The Akufo baggage and Bawumia’s own strength
Bawumia may be aided by the executive machinery to win the internal NPP primary. But there is a bigger issue that supporters of the other candidates are asking prospective members of the NPP electoral college to consider critically, before choosing a presidential candidate for the party.
The President’s popularity is waning so fast and that is clearly seen in a number of growing agitations by civilians and other civil society groups. This is perhaps the first time citizens have come in the open with videos to chastise a sitting President for economic hardships in the country.
The President is also being accused of running a family, friends and cronies’ administration and whether that’s imaginary or real, it has seeped into the minds of many Ghanaians that perhaps, it can only be washed away, after the President had left office. Will Bawumia survive with an Akufo Addo backing with all of these baggage?
These, coupled with the fact that the Vice President is himself, the chairman of the Economic Management Team is even making the Bawumia candidacy quite unpopular at birth; and more critically, within the public domain. Many are thus associating the deep decline in the Ghanaian economy to the Bawumia-led team.
Bawumia is also being judged based on his own campaign trail pronouncements in the run-up to the 2016 and 2020 elections when he posited as if he was the economic surgeon general that Ghana urgently needed.
In that state of self-conceit, he trolled and mocked then President Mahama, who on all two occasions was the presidential candidate of the NDC as being “incompetent” with his leadership and management of the country.
But to many on the Ghanaian street, the country’s economy has grown from bad to worse with Bawumia and his boss. They try a facade consolation in the Covid 19 pandemic, to cover up for their obvious failure.
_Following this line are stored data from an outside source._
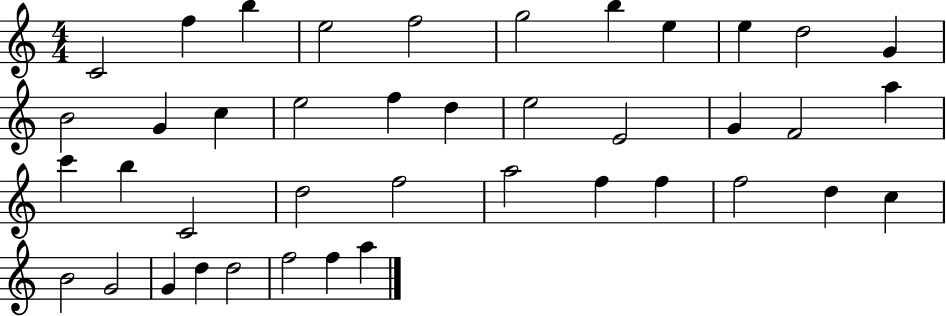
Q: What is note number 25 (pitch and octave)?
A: C4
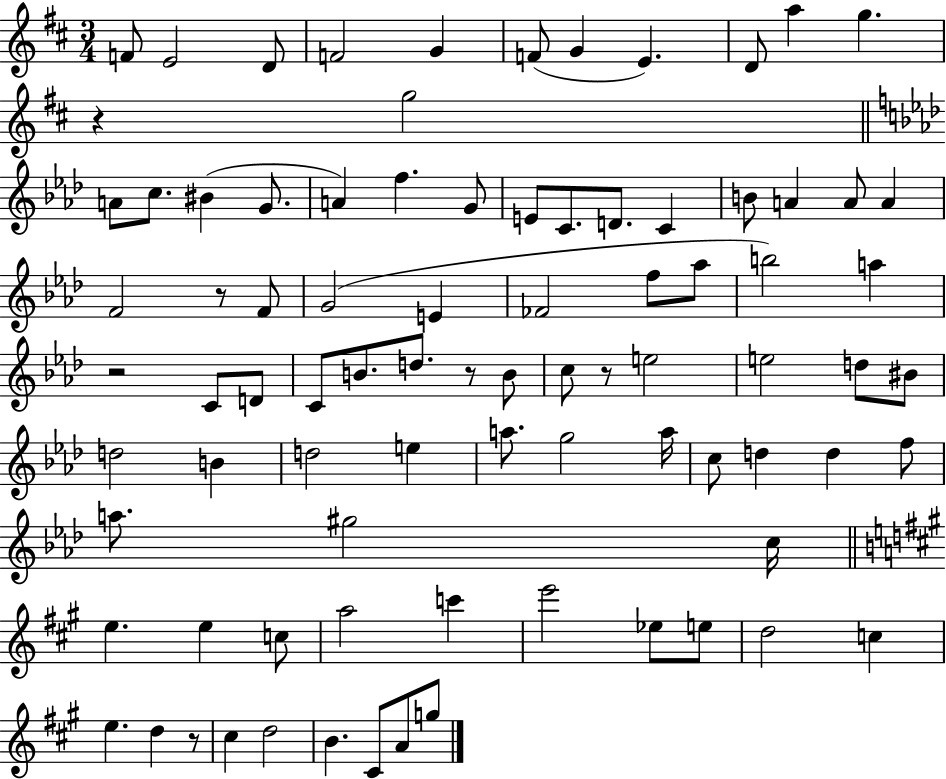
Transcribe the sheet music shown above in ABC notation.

X:1
T:Untitled
M:3/4
L:1/4
K:D
F/2 E2 D/2 F2 G F/2 G E D/2 a g z g2 A/2 c/2 ^B G/2 A f G/2 E/2 C/2 D/2 C B/2 A A/2 A F2 z/2 F/2 G2 E _F2 f/2 _a/2 b2 a z2 C/2 D/2 C/2 B/2 d/2 z/2 B/2 c/2 z/2 e2 e2 d/2 ^B/2 d2 B d2 e a/2 g2 a/4 c/2 d d f/2 a/2 ^g2 c/4 e e c/2 a2 c' e'2 _e/2 e/2 d2 c e d z/2 ^c d2 B ^C/2 A/2 g/2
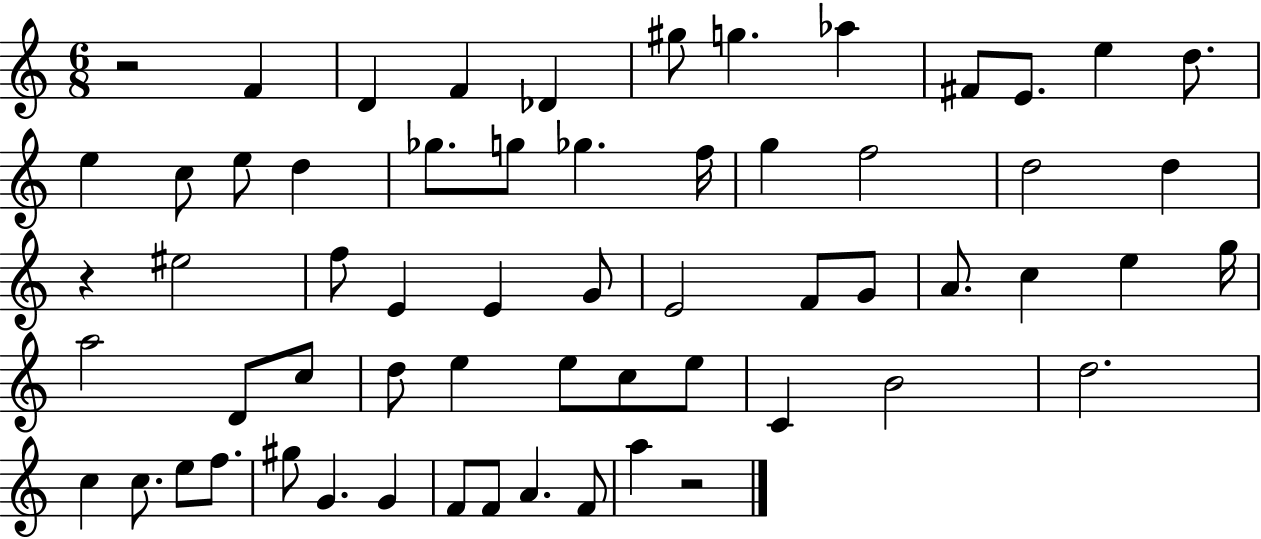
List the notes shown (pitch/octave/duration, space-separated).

R/h F4/q D4/q F4/q Db4/q G#5/e G5/q. Ab5/q F#4/e E4/e. E5/q D5/e. E5/q C5/e E5/e D5/q Gb5/e. G5/e Gb5/q. F5/s G5/q F5/h D5/h D5/q R/q EIS5/h F5/e E4/q E4/q G4/e E4/h F4/e G4/e A4/e. C5/q E5/q G5/s A5/h D4/e C5/e D5/e E5/q E5/e C5/e E5/e C4/q B4/h D5/h. C5/q C5/e. E5/e F5/e. G#5/e G4/q. G4/q F4/e F4/e A4/q. F4/e A5/q R/h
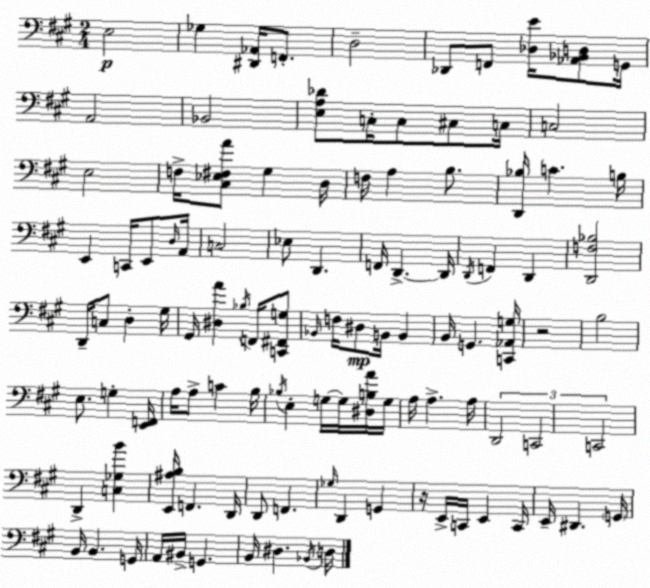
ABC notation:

X:1
T:Untitled
M:2/4
L:1/4
K:A
E,2 _G, [^D,,_A,,]/4 F,,/2 D,2 _D,,/2 F,,/2 [_D,E]/4 [_A,,_B,,D,]/2 G,,/4 A,,2 _B,,2 [E,A,_D]/2 C,/4 C,/2 ^C,/2 C,/4 C,2 E,2 F,/4 [^C,_E,^F,A]/2 ^G, D,/4 F,/4 A, B,/2 [D,,_B,]/4 C B,/4 E,, C,,/4 E,,/2 D,/4 A,,/4 C,2 _E,/2 D,, F,,/4 D,, D,,/4 D,,/4 F,, D,, [D,,F,_B,]2 D,,/4 C,/2 D, ^G,/4 ^G,,/4 [^D,A] _B,/4 F,,/4 [C,,^F,,G,]/2 _B,,/4 F,/4 ^D,/2 B,,/4 B,, B,,/4 G,, [C,,_A,,G,]/4 z2 B,2 E,/2 G, [E,,F,,]/4 A,/4 A,/2 C B,/4 _B,/4 E, G,/4 G,/4 [^D,B,A]/4 G,/4 A,/4 A, A,/4 D,,2 C,,2 C,,2 D,, [C,_G,B] [E,,^A,B,]/4 F,, D,,/4 D,,/2 F,, _G,/4 D,, G,, z/4 E,,/4 C,,/4 E,, C,,/4 E,,/4 ^D,, G,,/4 B,,/4 B,, G,,/4 A,,/4 ^B,,/4 G,, B,,/4 ^D, _B,,/4 D,/4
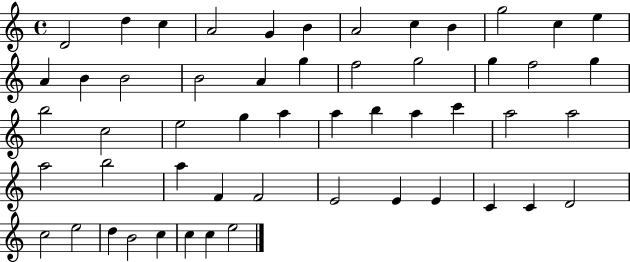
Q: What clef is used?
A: treble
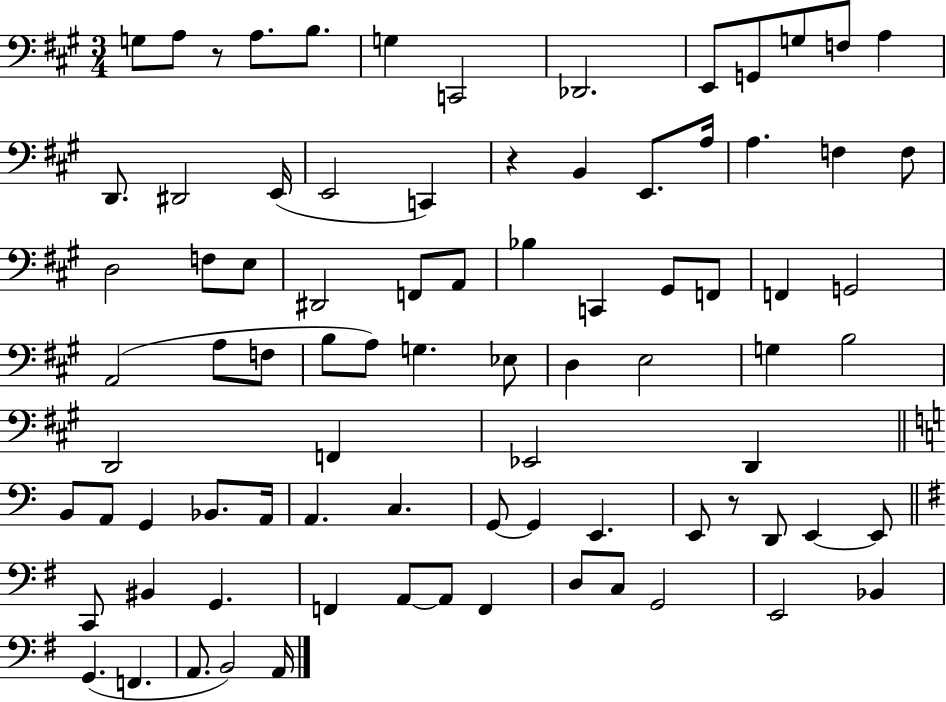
G3/e A3/e R/e A3/e. B3/e. G3/q C2/h Db2/h. E2/e G2/e G3/e F3/e A3/q D2/e. D#2/h E2/s E2/h C2/q R/q B2/q E2/e. A3/s A3/q. F3/q F3/e D3/h F3/e E3/e D#2/h F2/e A2/e Bb3/q C2/q G#2/e F2/e F2/q G2/h A2/h A3/e F3/e B3/e A3/e G3/q. Eb3/e D3/q E3/h G3/q B3/h D2/h F2/q Eb2/h D2/q B2/e A2/e G2/q Bb2/e. A2/s A2/q. C3/q. G2/e G2/q E2/q. E2/e R/e D2/e E2/q E2/e C2/e BIS2/q G2/q. F2/q A2/e A2/e F2/q D3/e C3/e G2/h E2/h Bb2/q G2/q. F2/q. A2/e. B2/h A2/s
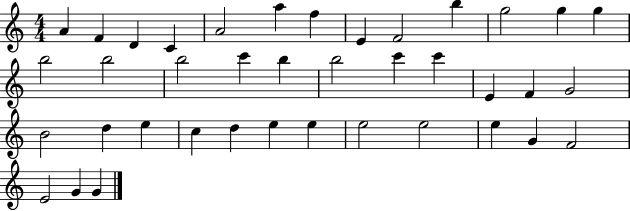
A4/q F4/q D4/q C4/q A4/h A5/q F5/q E4/q F4/h B5/q G5/h G5/q G5/q B5/h B5/h B5/h C6/q B5/q B5/h C6/q C6/q E4/q F4/q G4/h B4/h D5/q E5/q C5/q D5/q E5/q E5/q E5/h E5/h E5/q G4/q F4/h E4/h G4/q G4/q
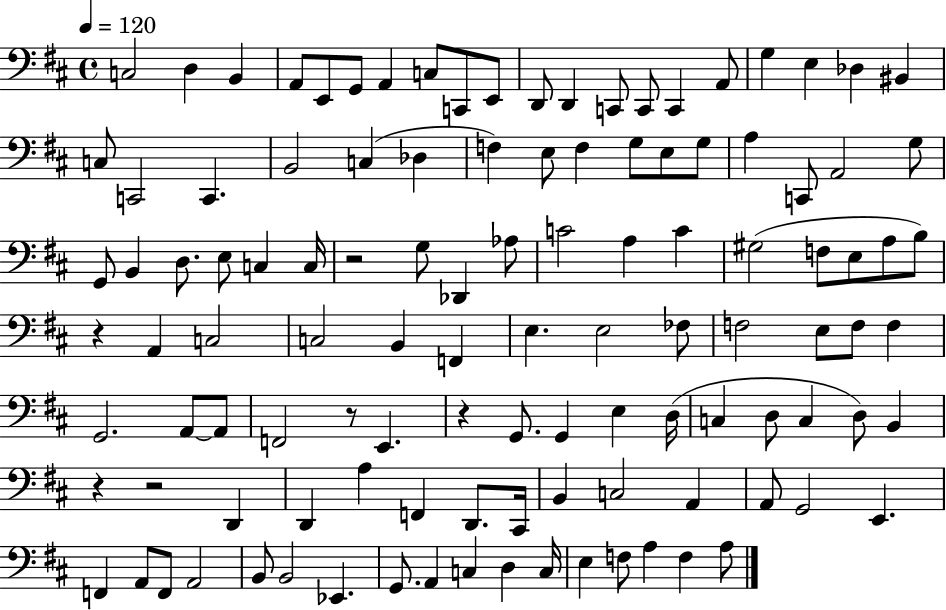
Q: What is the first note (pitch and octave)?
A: C3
It’s significant to note however, that it’s the unfortunate force majeure that ironically, brought to Ghana, the single highest foreign aid unimaginable in a setting period. So what happened to the huge in-flow of the Covid funds?
The President may be supporting his Vice, but the trajectory, the political history in such instances, if are anything to consider, then perhaps, the President may be hurting rather than helping with the Bawumia candidacy.